关于“宇”与“宙”的概念,最早见于战国末的《尸子》:“上下四方曰宇,往来古今曰宙。”《庄子·杂篇》的解释更为精确:“有实而无乎处者宇也,有长而无乎本剽者宙也。”宇即空间,宙即时间,宇宙即是整个时空及其所包含的一切。中国古代宇宙论之始祖为老子,他否认“天”是一切的最高主宰,强调“道”超越天的深奥性和神秘性,把道提升为一个最原始、最根本的形而上学范畴。自此,中国开始形成有系统的宇宙论。中国古代比较有代表性的宇宙生成论或本原论,主要有以下七种:
最早的宇宙本原学说是老庄的道论,以道为宇宙的究竟根本,是一种客观唯心主义思想。老子认为,道是万物之根本,万物皆有相互对应者而道无相对之物;万物皆有变迁而道永恒不变、周行不殆。人法地,地法天,天法道,道则惟以自然为法。道非感官可觉察,亦不能用语言叙说。庄子发挥了老子的思想,也主张道是宇宙的本根,道无所不在。《淮南王书》是汉初道家思想的结集,亦论道,但多为引申老庄学说。宋代理学家程颐以理为宇宙本根,理实际是道的别名,理论实为道论的新形态。

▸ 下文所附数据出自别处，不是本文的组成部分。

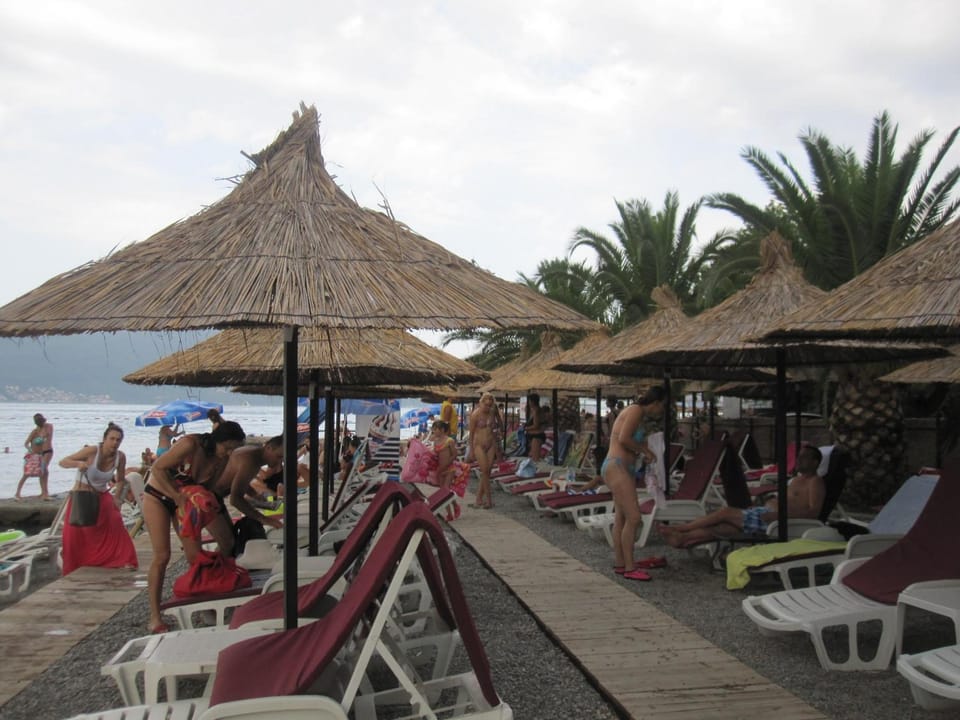 Apartments Delfin Hotel in Kotor Municipality
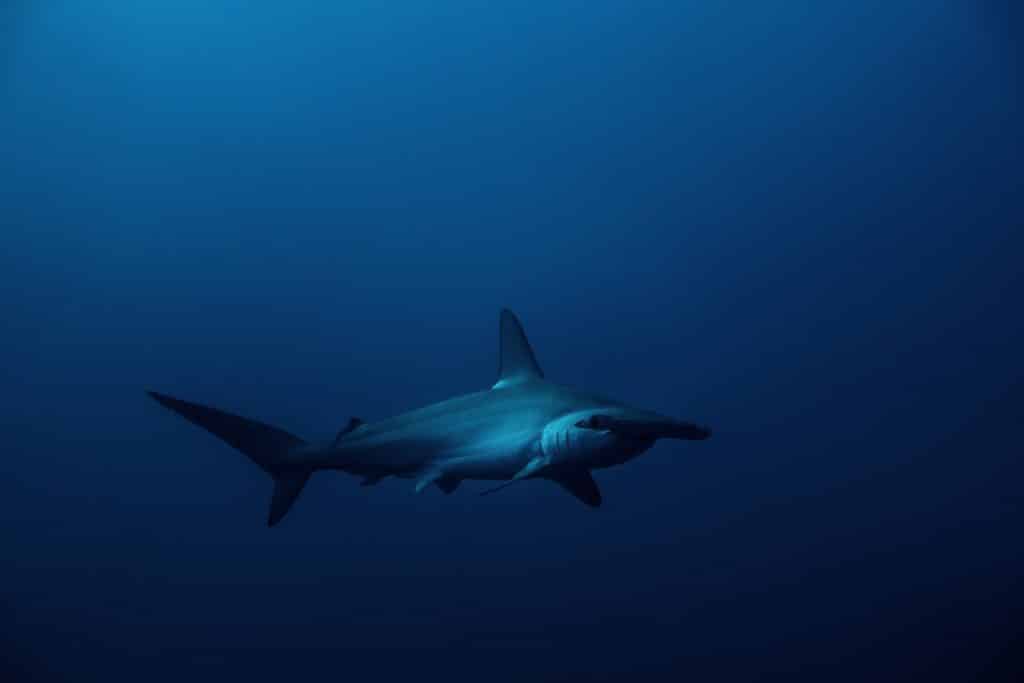 Was sich Mutter Natur wohl dabei gedacht hat – der Hammerhai ist meiner Meinung nach eine der schönsten Hai-Arten im Roten Meer. Man kann ihn etwa am Daedalus Reef sehen.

第二种宇宙本原论,是太极说。该说源于《易传》,其基本范畴是太极与阴阳。阴阳观念产生颇早,古人初时只认为这是自然界中的两种力量,因见万物万象都有正反两面,便形成阴阳观念,后又见一切变化都起于阴阳正反之对立,便认为阴阳是万物的根本,阴阳实为正反之意。进而发展到认为有阴阳未分之时,这才是宇宙的本原,于是创立太极观念以统阴阳。至《易传》成书,阴阳的宇宙观正式确立,“易有太极,是生两仪,两仪生四象,四象生八卦。”(《易传·系辞》。)先秦哲学中,与阴阳说并存的是五行说,始于《尚书·洪范》,五行即金、木、水、火、土,它们是宇宙的本原。此后,论阴阳最详者是汉代大儒董仲舒,他以“元”为宇宙中最根本者,有元乃有天地阴阳,由阴阳而生成五行,由之生成一切物。天是自然界的最高主宰,是万物的创造者,是人世治乱的最高决定者。前汉末扬雄的“玄”说,宋代周敦颐、朱熹和邵雍等大理学者的“大极”论,均更加详尽地阐释了太极—阴阳—五行—万物的演进观点,虽然说法不尽相同,但基本观点一致。